Give again, exactly as they appear, only the lines from the one containing "508 S 5th St, Malta, IL 60150 - Photo 14" through the last line of the material below.

---------- DATA RECORDS ----------

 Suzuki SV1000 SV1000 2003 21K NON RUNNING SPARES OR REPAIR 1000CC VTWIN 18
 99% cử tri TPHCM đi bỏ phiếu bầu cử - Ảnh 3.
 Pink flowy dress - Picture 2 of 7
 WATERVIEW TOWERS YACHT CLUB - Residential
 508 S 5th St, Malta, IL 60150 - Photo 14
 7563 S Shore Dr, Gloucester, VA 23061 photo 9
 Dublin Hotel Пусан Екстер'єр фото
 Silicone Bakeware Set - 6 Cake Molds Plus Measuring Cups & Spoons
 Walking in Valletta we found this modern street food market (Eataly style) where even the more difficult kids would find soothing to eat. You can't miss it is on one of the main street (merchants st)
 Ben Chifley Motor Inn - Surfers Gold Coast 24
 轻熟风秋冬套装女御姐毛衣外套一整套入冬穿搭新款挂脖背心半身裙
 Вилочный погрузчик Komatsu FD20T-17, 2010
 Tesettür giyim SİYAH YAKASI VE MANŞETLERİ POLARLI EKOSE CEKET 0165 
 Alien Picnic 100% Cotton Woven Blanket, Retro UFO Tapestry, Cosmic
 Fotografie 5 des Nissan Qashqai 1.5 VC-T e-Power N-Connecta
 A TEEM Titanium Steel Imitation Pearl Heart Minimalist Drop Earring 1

----------

● **RESULT BELOW**
 508 S 5th St, Malta, IL 60150 - Photo 14
 7563 S Shore Dr, Gloucester, VA 23061 photo 9
 Dublin Hotel Пусан Екстер'єр фото
 Silicone Bakeware Set - 6 Cake Molds Plus Measuring Cups & Spoons
 Walking in Valletta we found this modern street food market (Eataly style) where even the more difficult kids would find soothing to eat. You can't miss it is on one of the main street (merchants st)
 Ben Chifley Motor Inn - Surfers Gold Coast 24
 轻熟风秋冬套装女御姐毛衣外套一整套入冬穿搭新款挂脖背心半身裙
 Вилочный погрузчик Komatsu FD20T-17, 2010
 Tesettür giyim SİYAH YAKASI VE MANŞETLERİ POLARLI EKOSE CEKET 0165 
 Alien Picnic 100% Cotton Woven Blanket, Retro UFO Tapestry, Cosmic
 Fotografie 5 des Nissan Qashqai 1.5 VC-T e-Power N-Connecta
 A TEEM Titanium Steel Imitation Pearl Heart Minimalist Drop Earring 1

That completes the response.